Lecture 2. Apache Kafka Part 1. Basics and Producers

(Working In Progress)

Author: Jeremy Gu

Basics of Apache Kafka

Before delving into the intricate details of Apache Kafka, it's essential to lay down a broad overview. Starting with a holistic understanding of key concepts will keep us anchored and ensure that we don't get lost. Given that the version of Kafka we're using is continually evolving, we'll heavily reference official definitions and explanations to avoid redundancy.
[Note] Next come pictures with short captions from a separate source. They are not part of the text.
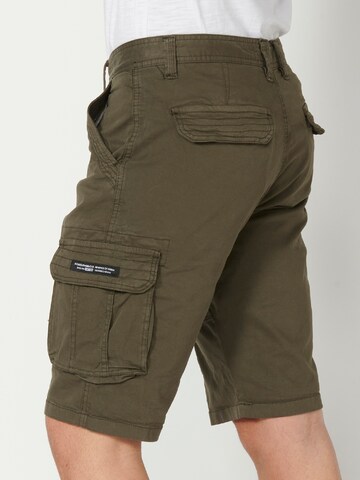 KOROSHI - regular Pantalón cargo en verde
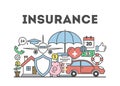 Insurance concept illustration. Royalty Free Stock Photo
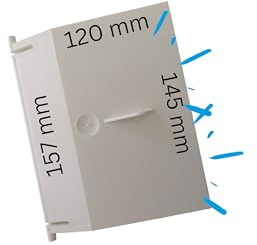 Astralpool Skimmerklappe für Pool, Standard, Außenboden, GRE 145 mm x 120 mm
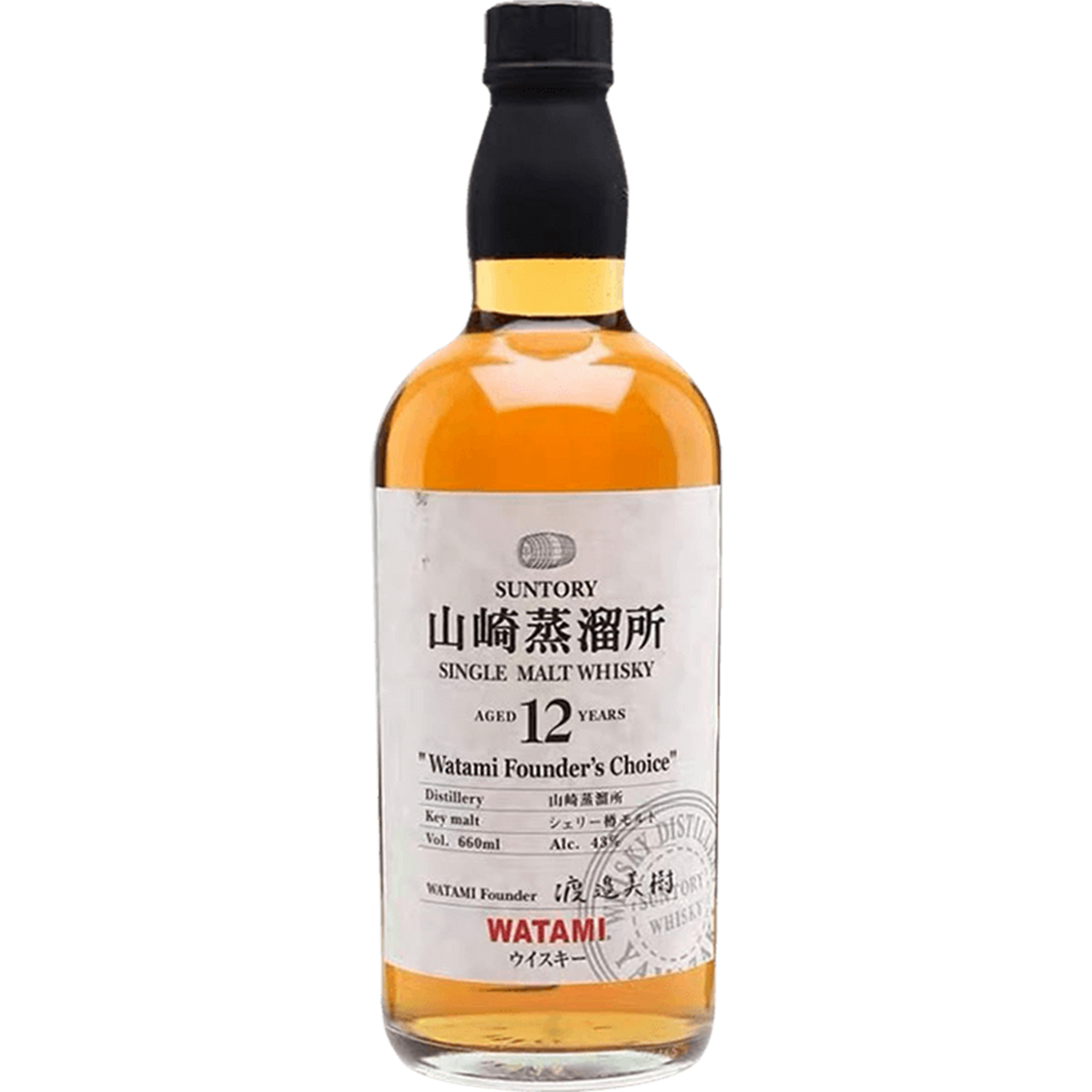 山崎12年 渡邊美樹 Japanese single malt Whisky 酒瓶正面商品圖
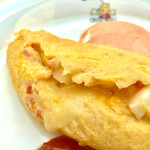 ホテルケーニヒスクローネ - 朝食　オムレツ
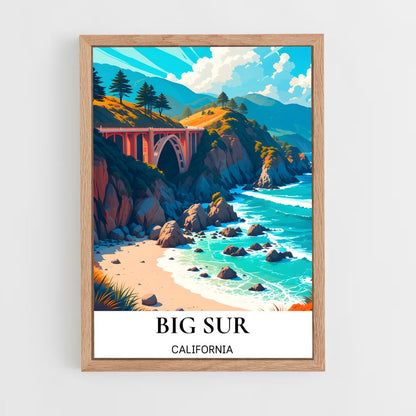 ap-big sur cliffs-5 cadre Bois clair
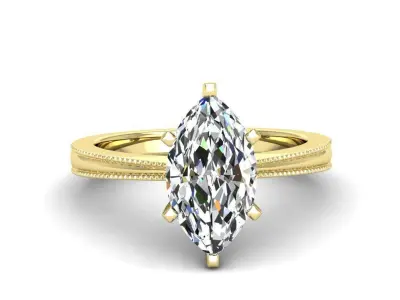 Engagement ring marquise 10 models Collection 3D Model Pack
For this course, we'll be working with the latest Kafka version 3.6. We encourage you to familiarize yourself with our recommended readings ahead of the class.

Recommended Reading:

Kafka Official Documentation (Version: Kafka 3.6) at https://kafka.apache.org/documentation/. Credits: Any text in italics throughout this document is sourced directly from the Kafka Official Documentation.

Introduction to Apache Kafka

Definition: Apache Kafka is an event streaming platform engineered for real-time collection, processing, storage, and data integration.
Officiial Explanation: From https://kafka.apache.org/, Kafka combines three key capabilities so you can implement your use cases for event streaming end-to-end with a single battle-tested solution:
- To publish (write) and subscribe to (read) streams of events, including continuous import/export of your data from other systems.
- To store streams of events durably and reliably for as long as you want.
- To process streams of events as they occur or retrospectively.

Kafka as a Stream Processing Powerhouse

Popularity: Kafka reigns supreme as a leading streaming data platform in the industry, trusted and adopted widely.
Beyond Messaging: While it provides an intuitive message queue interface, Kafka's essence lies in its append-only log-structured storage, transcending traditional messaging paradigms.
Events as Kafka’s Core:
- Kafka is fundamentally an event log that chronicles occurrences.
- These events portray things that have happened, not directives for actions to be undertaken.
- An event has a key, value, timestamp, and optional metadata headers. Here's an example event from https://kafka.apache.org/:

Event key: "Alice"
Event value: "Made a payment of $200 to Bob"
Event timestamp: "Jun. 25, 2020 at 2:06 p.m."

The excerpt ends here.